Katey Sagal talks “Sons of Anarchy”

By Stacey Harrison

Credit: Mike Muller / FX
Credit: Mike Muller / FX

As Gemma Teller, the tough-as-nails matriarch of a California biker gang, Katey Sagal makes you all but forget the years she spent on the couch, eating Bon Bons and emasculating Al Bundy on Married With Children. Now in her second season on FX’s Sons of Anarchy, Sagal is in the midst of a gut-wrenching emotional arc. In the season’s first episode, she was abducted and gang-raped by members of the white separatist group looking to run SAMCRO out of town. But instead of telling anyone, and letting the attack have its desired effect of pushing the club into mindless revenge, she kept quiet. All the while, she’s watched tensions between her son, Jax (Charlie Hunnam), and husband, Clay (Ron Perlman) nearly destroy the club from within.

Sagal talked with reporters recently about her character’s trials and tribulations, and the show’s meteoric rise in the ratings this season:

On whom Gemma would side with between Clay and Jax: “I think it’s a tough question. Her allegiance is to everybody. I mean, you know, what she’s desperately fighting for, in my opinion, is to protect the whole system. This is her life, the whole thing. In my backstory of Gemma, she has nowhere else that she’s come from. I mean, where she’s come from, she doesn’t want to go back to, so her loyalty is to the entire situation. I would imagine if she really had to choose, oh, gosh. I really don’t know. I would say her son. That’s what I would say, but you never know with her.”

On filming the rape scene: “Those scenes are done very by the book and very choreographed, and it was a very safe environment. We had been to the space a couple of days before we actually shot the scene, so we could kind of take it in and realize where we were going to be. And the actual shooting of the scene probably didn’t take more than two, three hours. Shaking it off was actually a process though the next three or four episodes are pretty intense in terms of dealing with it, and so it kind of was hanging around. I mean, it hung around for most of the season with Gemma, but the really super dark, emotional visits I had to take, I would say, it was a good month.

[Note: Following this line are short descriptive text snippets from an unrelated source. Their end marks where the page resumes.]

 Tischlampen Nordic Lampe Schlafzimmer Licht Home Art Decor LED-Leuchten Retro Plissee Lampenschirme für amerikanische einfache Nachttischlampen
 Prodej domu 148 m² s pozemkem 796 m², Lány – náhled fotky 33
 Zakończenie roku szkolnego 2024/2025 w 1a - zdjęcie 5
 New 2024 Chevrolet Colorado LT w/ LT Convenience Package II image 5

Not that I was walking around with it every moment of the day. I have three kids at home, but it was definitely a dark experience.”

On Gemma’s decision to remain silent about her rape: “I’m not sure that it’s the way anybody would deal with the situation. Her choice to not speak up and not tell her family what has happened to her, she’s doing it for a higher purpose in her mind, which is to protect them because she knows who her family is, and she knows that this is a violent world, and that they would protect her. They would go to any lengths to protect her, so she has decided to keep quiet. I don’t know that that is the message that women should pick up. I’m not sure that that would be the proper way to handle that situation for anybody really, but for Gemma, and in this world, it is, so that’s the storytelling going on. That’s the story that we’re telling. Any other woman in that situation, I would hope that they would go talk about it immediately.”

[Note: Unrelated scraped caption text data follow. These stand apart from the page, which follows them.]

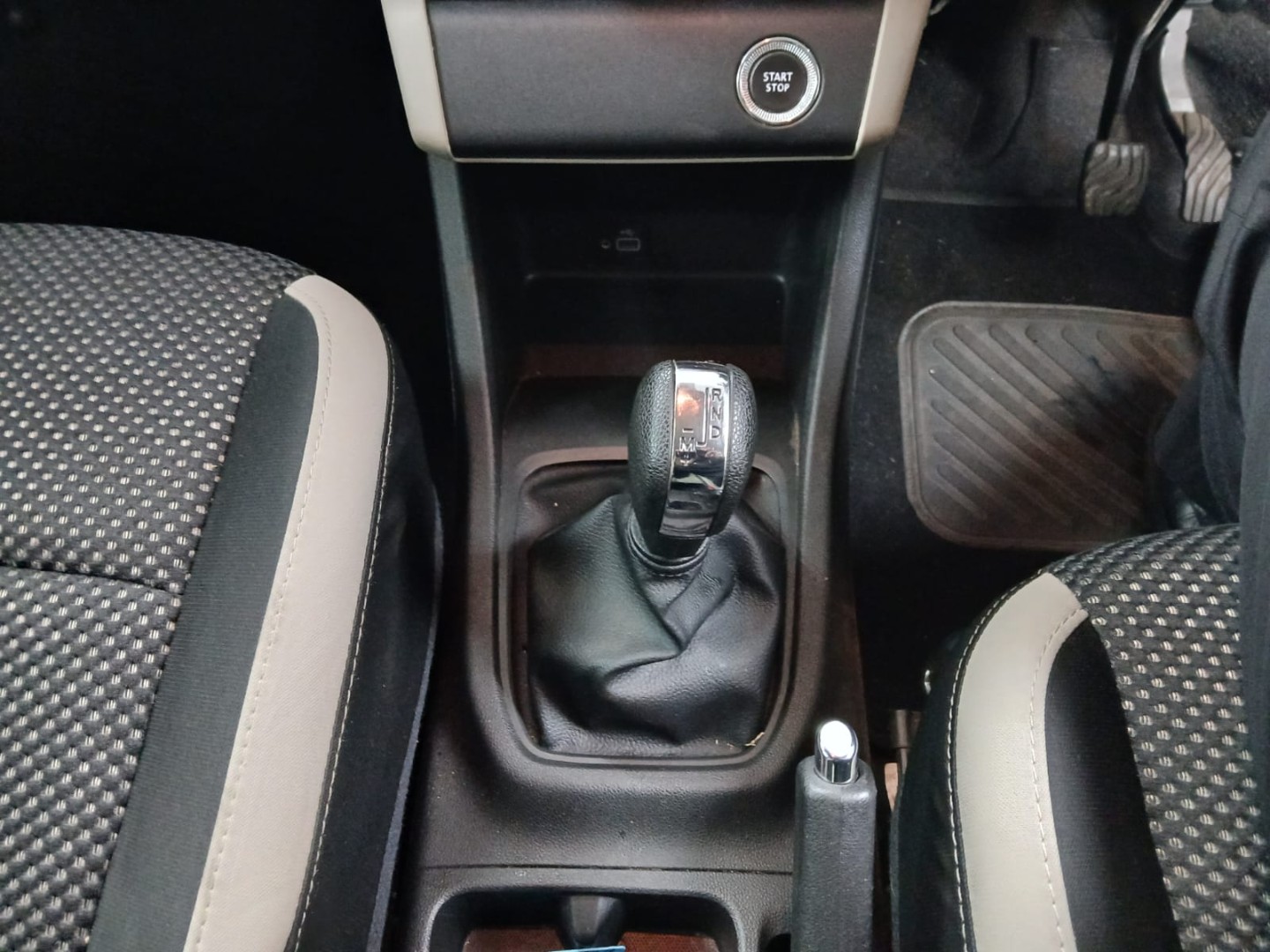 d642727c-1d2a-45d9-9a0d-79a188fa7143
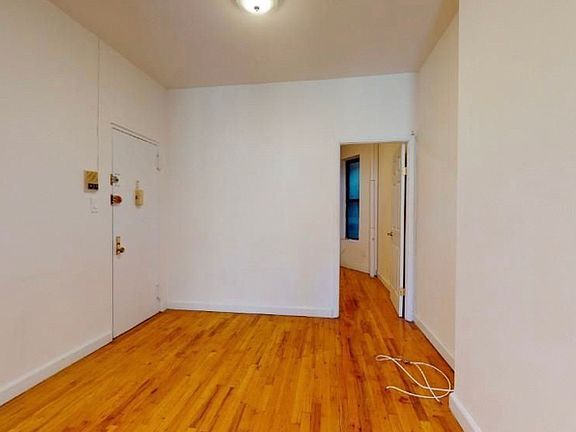 3rd image of 309 E 90th St APT 10A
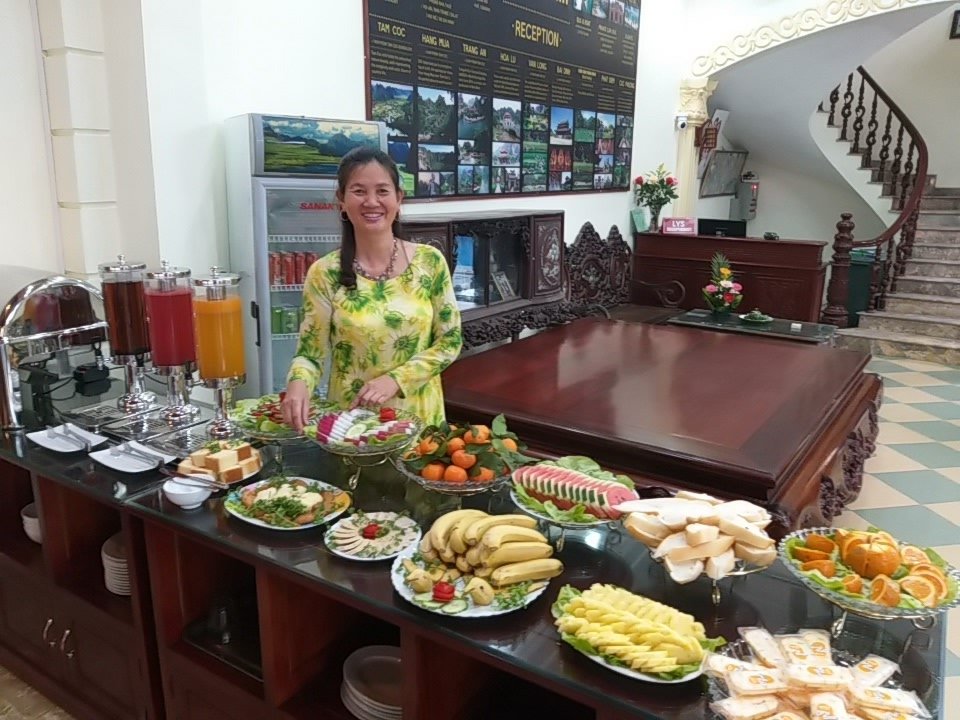 Cô chủ Lys Homestay chuẩn bị tiệc buffet cho khách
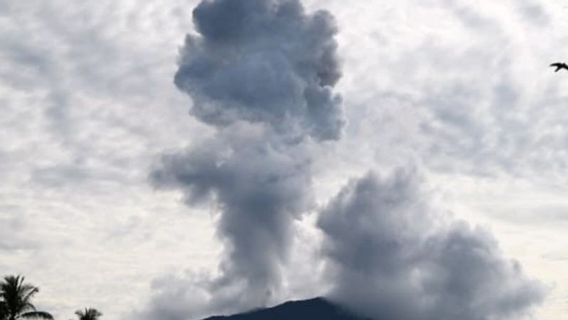 L'éruption du mont Ibu de Halmahera Ouest a lancé une éruption de 2 km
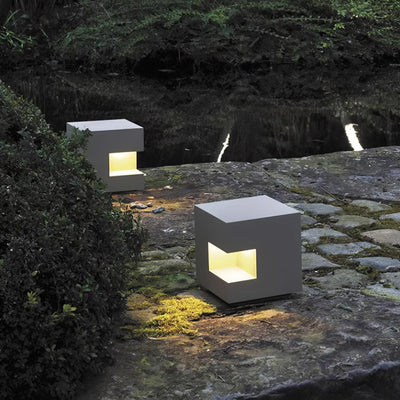 Aki Modern Acrylic Outdoor Light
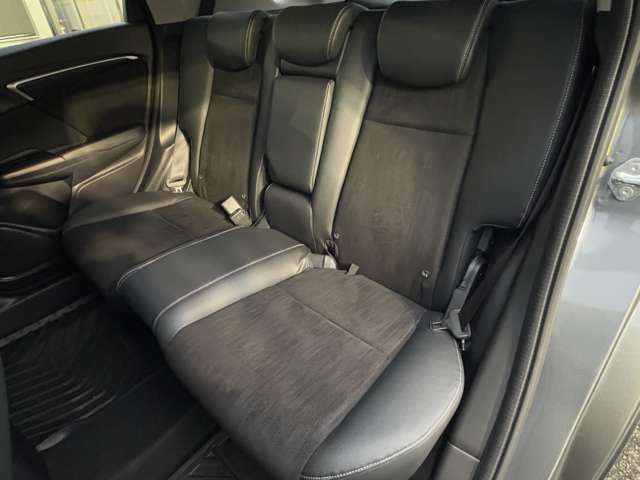 ホンダ シャトル １．５ ハイブリッド Ｘ ホンダセンシング ４ＷＤ R2年 (東北) 99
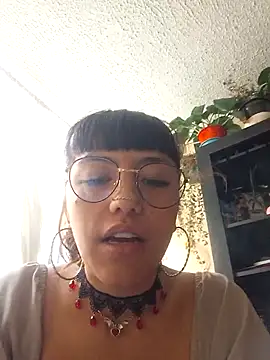 Cute_hollywood1 webcam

On the truth behind the death of Jax’s father: “It comes up in bits for this second season. I have a feeling that through the arch of the series, you will find out more about that history and that backstory.”

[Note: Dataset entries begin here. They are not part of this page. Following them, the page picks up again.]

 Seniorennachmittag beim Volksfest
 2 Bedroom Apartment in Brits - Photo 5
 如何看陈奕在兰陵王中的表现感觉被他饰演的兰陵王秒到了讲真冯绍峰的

On the show’s rise in the ratings this season: “Family drama with really interesting, intricate family relationships — I think that that’s one of the draws. I think that it’s a world that people haven’t seen before. I think the quality of the storytelling is really high. I think the cast is really great. To me, it makes perfect sense that now that people have sort of defined it and word-of-mouth has spread that if you show up for it, you’re going to have a good experience. It’s not like, you know, somebody was lying to you when they say it’s a good show. I think that it’s been really exciting to watch, and it’s rare that it happens, so it’s good. It’s nice.”